War es womöglich die liturgische Form, die ihnen zunehmend zu starr erschien? Gelang es unseren Kindern nicht mehr, beeinflusst von vielen Form und Möglichkeiten der heutigen Zeit, in der Form der Liturgie Halt und Trost zu finden? Erschien sie ihnen mehr und mehr „veraltet“, aus der Zeit gefallen und für sie nicht mehr passend?

Das ist gut möglich. Schließlich schien und scheint es uns unmöglich, Kinder und vor allem dann später auch Jugendliche von den sozialen Netzwerken und den technischen Neuerungen abzuschotten. Damit kommen automatisch neue Formen, neue Inhalte und neue Fragen ins Spiel und in ihr Leben.

Ist es denkbar, dass sie diese Fragen und Ängste lieber mit ihren Freundinnen direkt klären oder diese auch in der Echokammer der sozialen Netzwerke ausdiskutieren und zur Sprache bringen?

 

Aber was war eigentlich unsere Rolle bei dieser Entwicklung?

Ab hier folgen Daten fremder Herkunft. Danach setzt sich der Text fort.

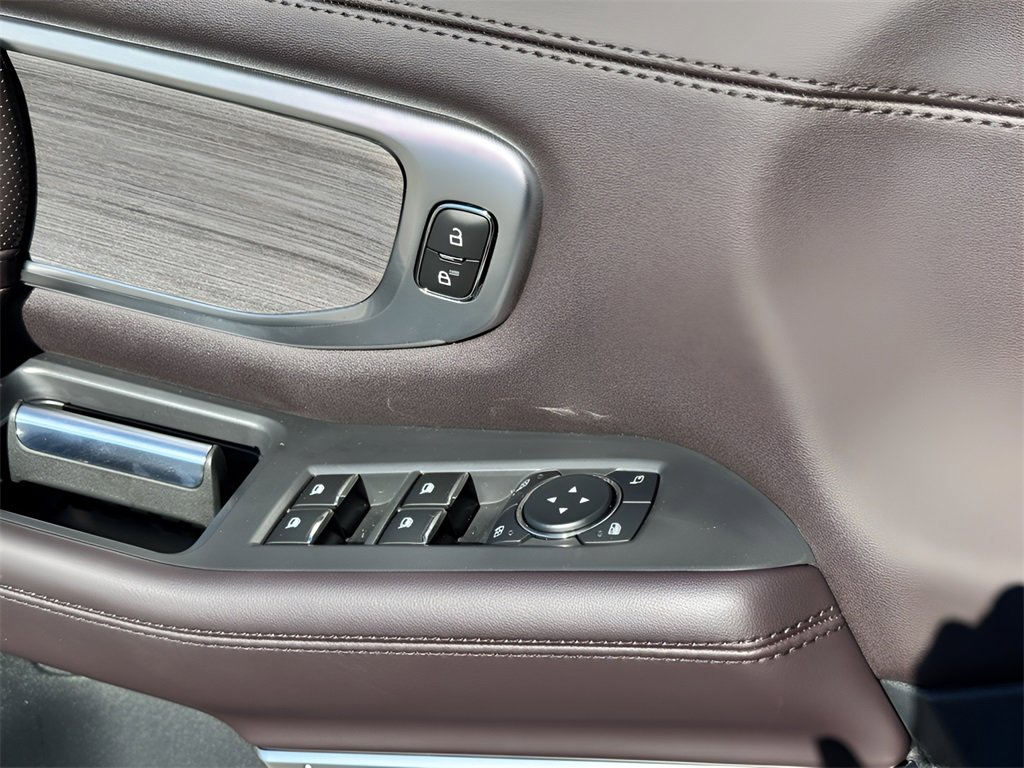 New 2025 Ford Expedition Max Platinum w/ Platinum Ultimate Package image 11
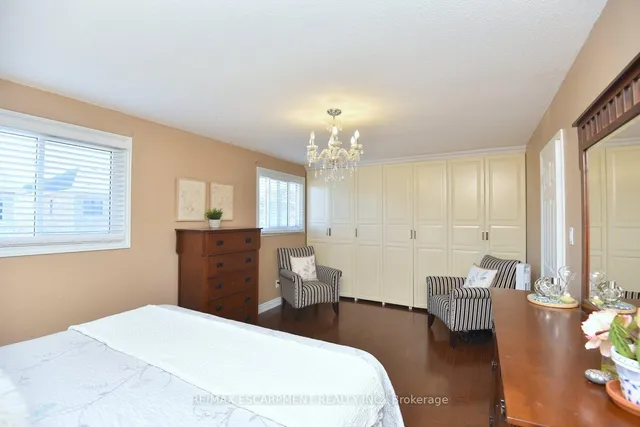 Additional property image - 2101 Silwell Crt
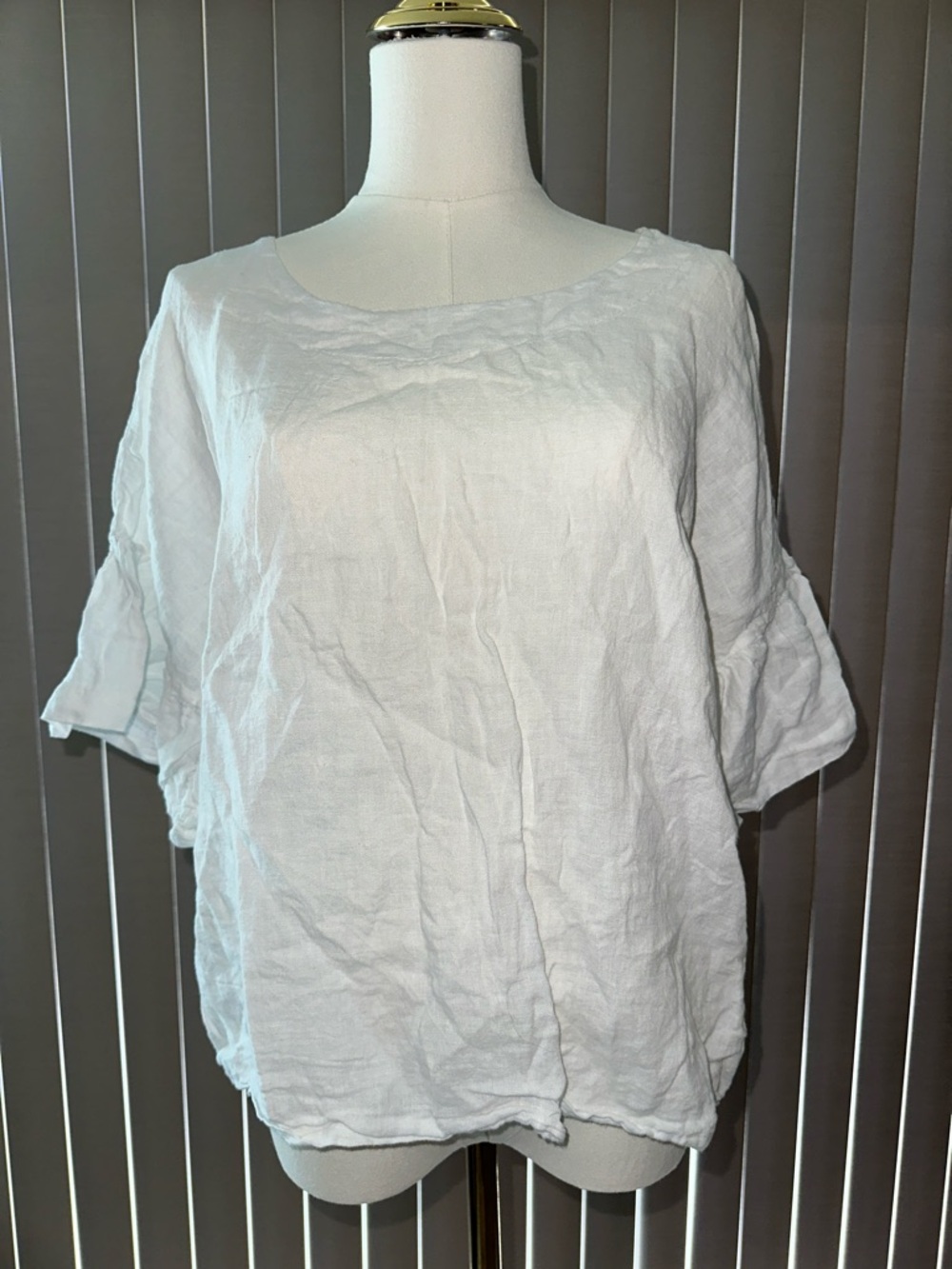 Relaxed White Linen Scoop-Neck Tunic Top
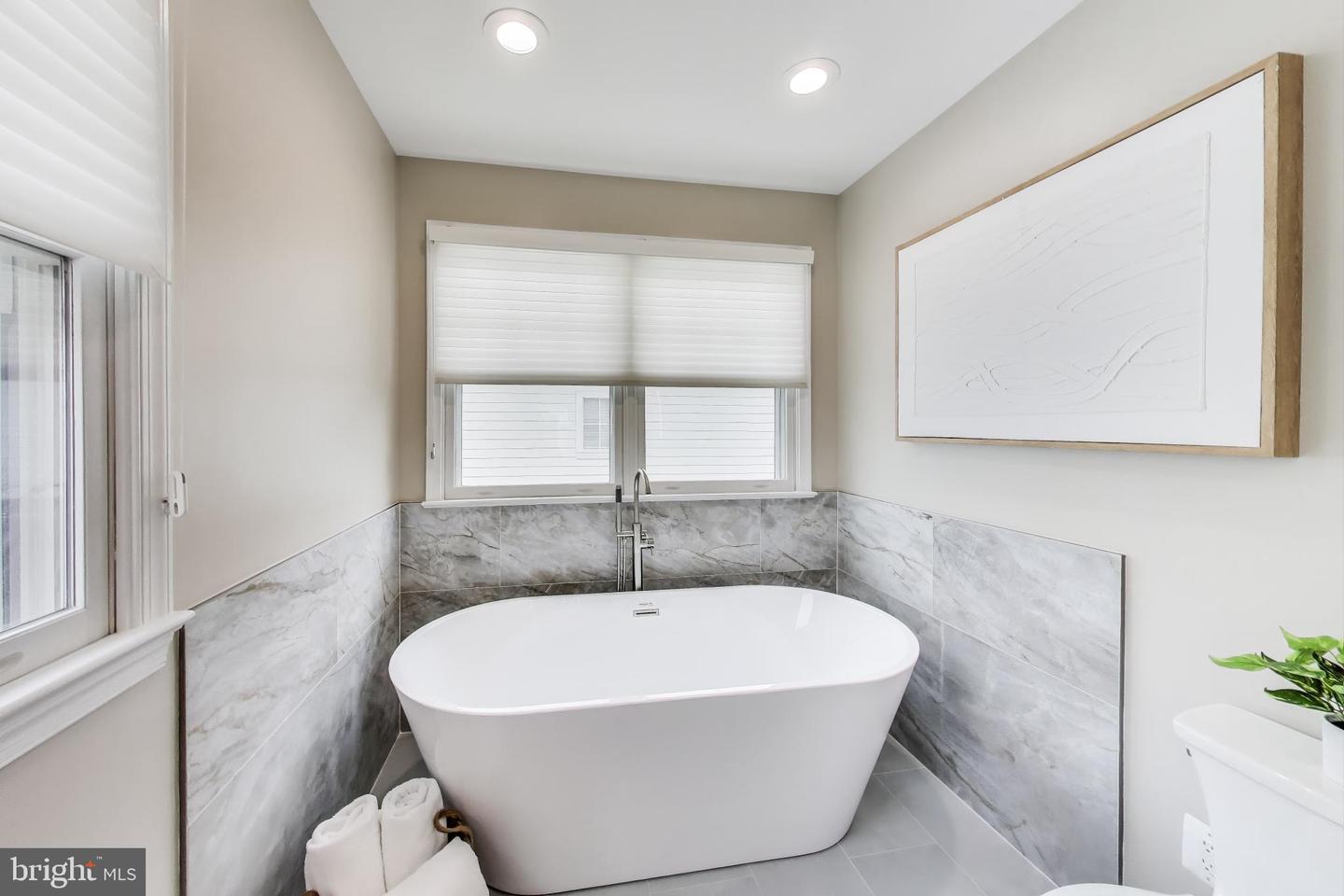 2177 S GLEBE RD, ARLINGTON, Virginia 22204, 4 Bedrooms Bedrooms, ,3 BathroomsBathrooms,Residential,For sale,2177 S GLEBE RD,VAAR2058688 MLS # VAAR2058688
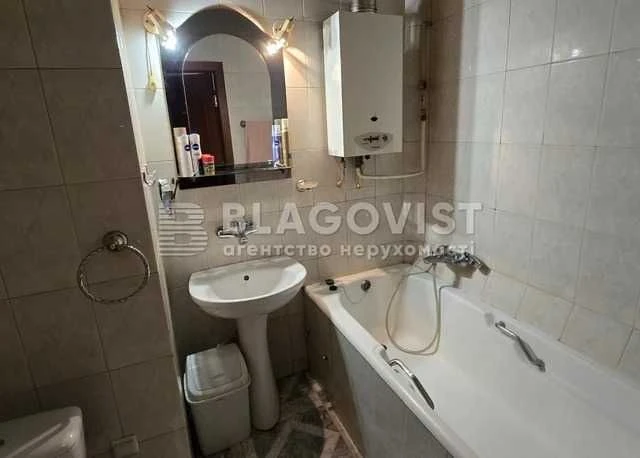 Продаж 4 кімнатної квартири Велика Васильківська 42, метро У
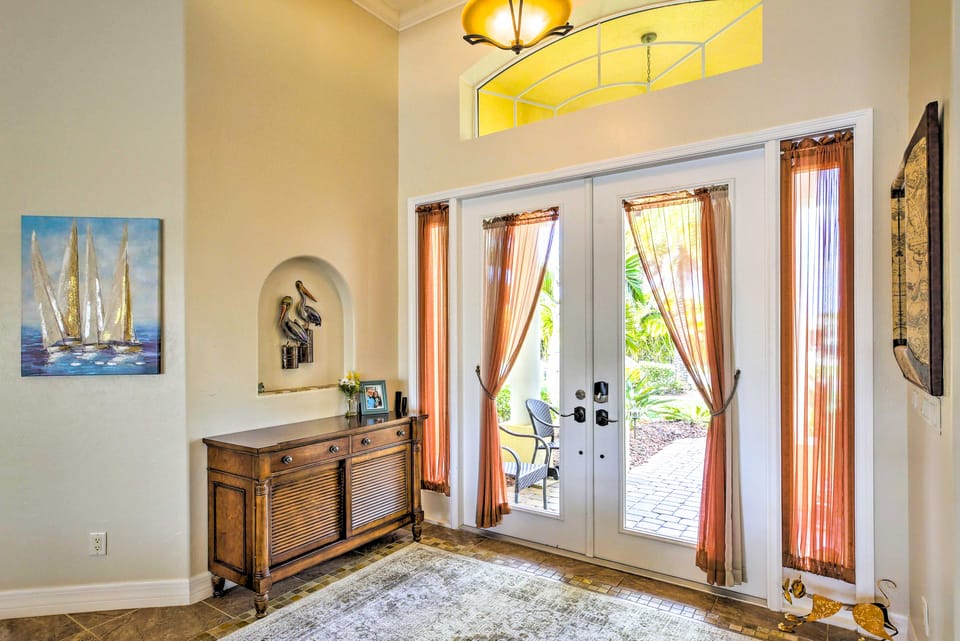 Waterfront Pool & Spa: Relaxing Cape Coral Retreat House in Cape Coral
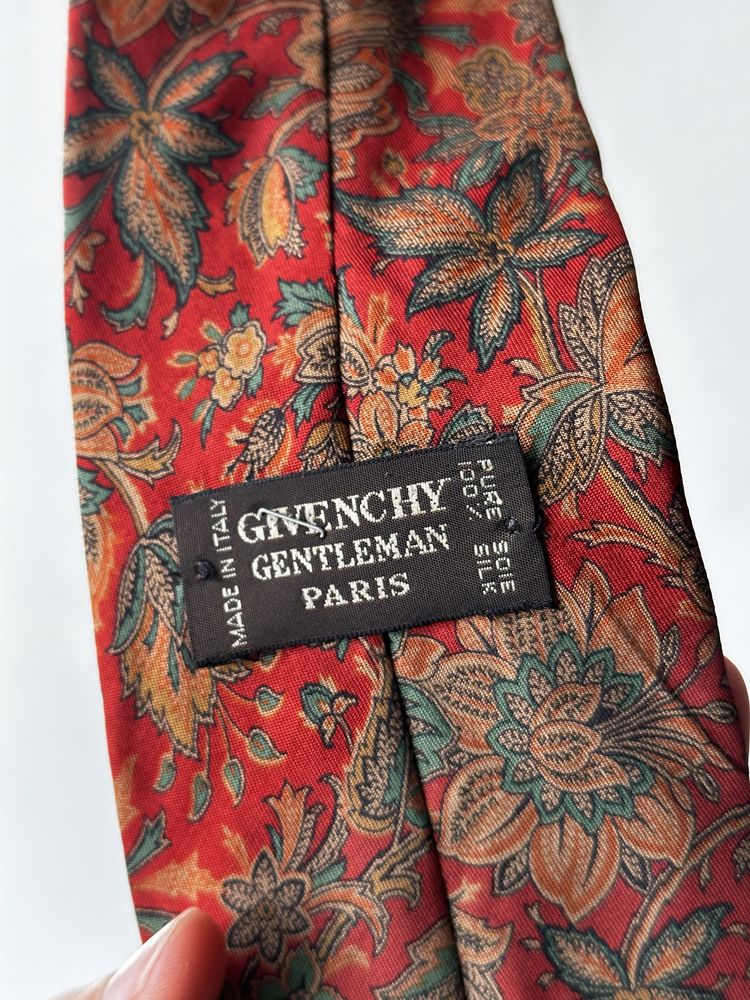 Givenchy шовкова краввтка
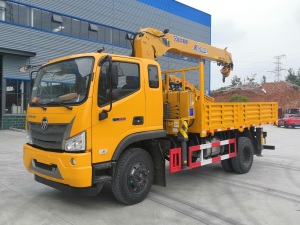 福田瑞沃徐工6.3吨3节臂随车吊(国六)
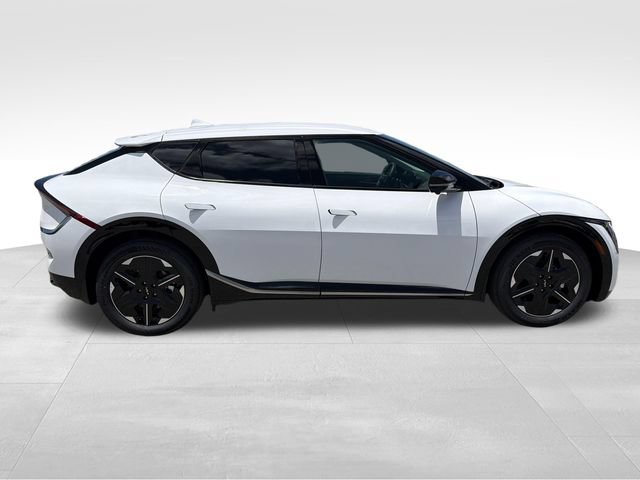 New 2026 Kia EV6 Wind RWD image 8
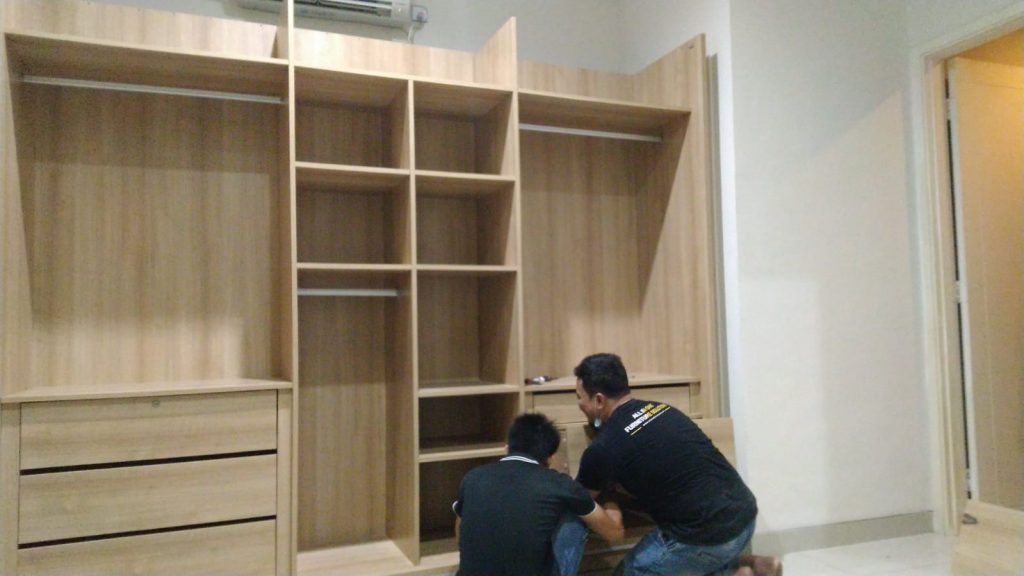 Tempat Tidur Dibongkar Saat Pindahan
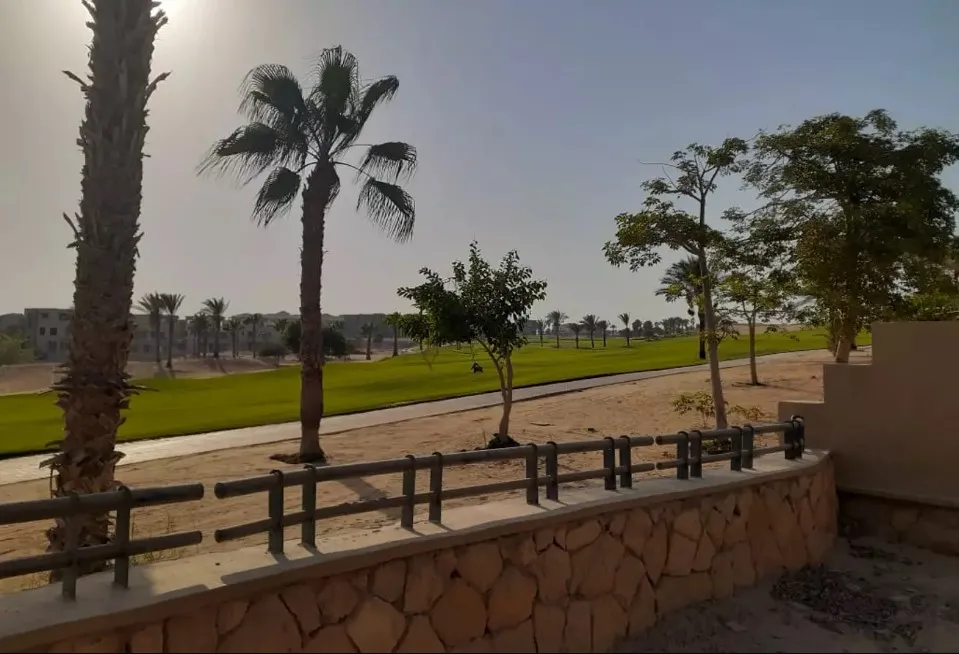 تاون هاوس لقطة للبيع 350 م في كمبوند Golf Views بسعر خيالي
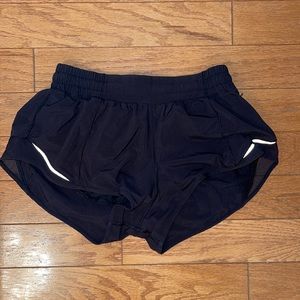 size 4 lulu hotty hot shorts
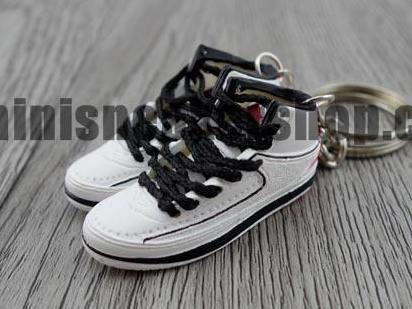 Mini Sneaker Keychains AJ 2 - OG White Red Black - Sneakers Passion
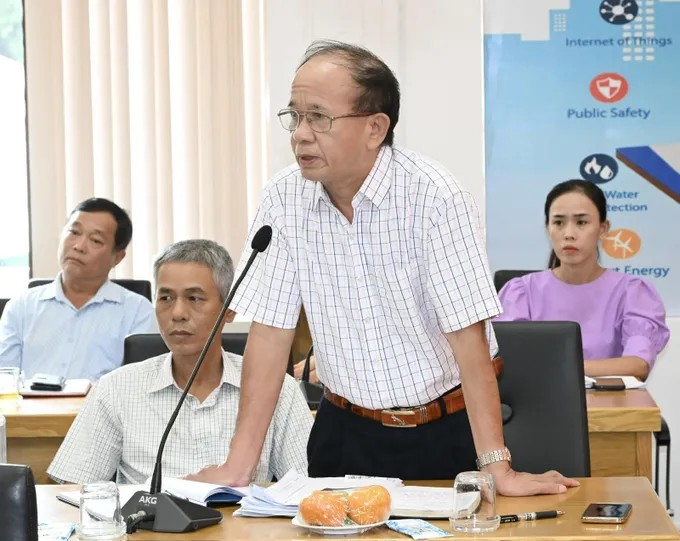 Một bí thư chi bộ khu phố phát biểu tại buổi làm việc. Ảnh: VIỆT DŨNG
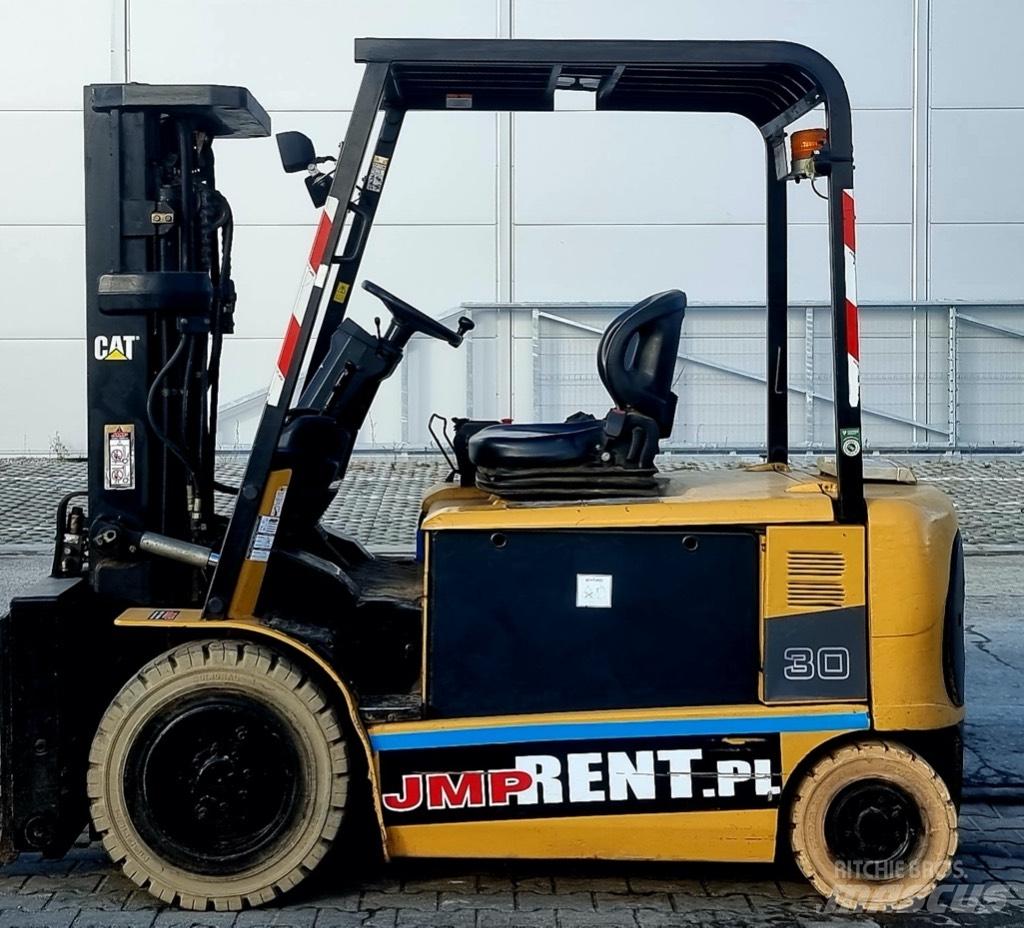 CAT EP 30 K PAC バッテリーフォークリフト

Gut möglich, dass wir die liturgische Form und den Kirchenbesuch als Ort der Ruhe und zugleich des So-Sein-Könnens nicht hoch genug gehalten haben. Wir haben sie vielleicht nicht ausreichend in Stellung gebracht, als Möglichkeit, ganz „unzeitgeistig“ zur Ruhe zu kommen.

Eben weil diese Form in der Kirche überliefert, tradiert und über sehr lange Zeit erprobt ist, kann sie eben so gut tun.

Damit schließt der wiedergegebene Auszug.